I woke, my head brimming over with images, remembering those moments before dawn KINGFISHER2 sat lifeless, mast-less and, painfully, just sticking to the waves. I pull myself together and remembered being watched over for some strange reason ; then I remembered - our silent friends. The albatross were watching us, coming closer than ever - even flying feet away from us in an inspection of this new visitor. I guess for the majority of albatross they never see a boat in their lives - people like us are not so common down here. That morning we heard the call of the albatross, Ronny tells me that’s very rare at sea. It sounded like an owl-type call, soft and gentle - almost caring in a strange kind of way, kind of knowing. I have never seen them so close before, never seen them so inquisitive. Generally they keep their distance, soaring close enough to see their piercing eyes and graceful beauty. On my three trips to the southern ocean I have never seen an albatross flap it’s wings, never once. If there’s one real luxury we have now which we did not have just days ago, it’s time. There’s a little more of it now than when we were racing along.

I think what hurts the most about this trip is that I felt that I never really got into it. That was just happening as our disaster ruled a very thick and final line beneath our challenge. I was just beginning to feel more comfortable in my role on board, beginning to see life existing in abundance outside the nav station, finding the time to have a laugh with the guys, to try to stop worrying about the navigation and spending time on deck every so often. I was beginning to understand personalities and feel more at ease with people’s characters and differences out here - particularly under the pressure we put ourselves through. I felt we were sailing KINGFISHER2 well, able to keep high averages and catching up with and overtaking Bruno Peyron’s record Record #sailingrecord . From a navigational point of view it had been a tough trip, never one day in the 26 we were out there did I feel that the conditions were easy enough to relax and not return to the charts or the satellite pictures to study them. Never once did those questions go away : should we sail 10 degrees deeper, should we sail with the spinnaker or the gennaker - always questions in the head whether on deck, trying to sleep or even sitting in the galley briefly to eat with the guys.
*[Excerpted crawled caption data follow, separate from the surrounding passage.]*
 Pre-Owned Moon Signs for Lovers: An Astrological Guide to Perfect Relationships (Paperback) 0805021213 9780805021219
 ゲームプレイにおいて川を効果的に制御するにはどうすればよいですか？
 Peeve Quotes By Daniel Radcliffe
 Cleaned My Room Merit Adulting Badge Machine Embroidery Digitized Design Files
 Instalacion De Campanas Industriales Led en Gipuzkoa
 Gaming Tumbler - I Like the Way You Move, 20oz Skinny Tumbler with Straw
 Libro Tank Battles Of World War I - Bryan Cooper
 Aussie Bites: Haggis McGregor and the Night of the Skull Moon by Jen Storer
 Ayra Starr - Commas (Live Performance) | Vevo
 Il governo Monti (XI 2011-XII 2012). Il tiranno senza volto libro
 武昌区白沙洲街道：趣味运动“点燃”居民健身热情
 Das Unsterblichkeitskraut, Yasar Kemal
It’s a different kind of pressure to sailing alone, and above all perhaps when in a crew, you have more time available to worry about it.

Though our Jules Verne is all but a cluster of vivid memories, we now have a new challenge, to sail our monster catamaran to Australia, which at 2000 miles from us is going to be no mean feat. That’s further than most people would cruise in several years... We are still at over deep south and conditions are still pretty cold. That kind of takes me back to the feeling of not really belonging in any time zone right now. Somehow, summer in Australia seems a long, long way away. Though life still revolves round our watch systems, and still revolves around getting KINGFISHER2 from A to B, the feeling is subdued. It’s both a blessing and a punishment to be sailing for another two weeks. Now for good or for bad we have that luxury of time to think about what has happened to us, and to realise what an incredible thing we were doing which ended so abruptly for us. Whether we fester in despair, or think positively to the future that has still to come through. Suddenly we are sailing at a fraction of the speed we were able to cover just hours ago, and on a boat with a motion which is painfully limping rather than speeding through the water.

My role becomes crystal clear now. The skipper’s role is one of motivation - whether at 30 knots or 3 knots. Whether winning or losing, whether hurting or rejoicing - on reflection, therefore, my challenge is far from over.

Come on guys, it may be a wee way off, but Australia here we come !"

KINGFISHER2 started her Jules Verne record attempt at 06:48:39 GMT on 30.1.03. On Sunday, 23.2.03 at 2222 GMT KINGFISHER2 dismasted after 24 days 15 hours and 34 minutes into her record attempt positioned at 50 50’S 72 08’E 100 miles east of the Kerguelen Islands in the Southern Ocean. At the time of dismasting, KINGFISHER2 was 20 hours ahead of the existing record set by Orange and had closed the gap on Olivier de Kersauson’s attempt to 53 hours behind.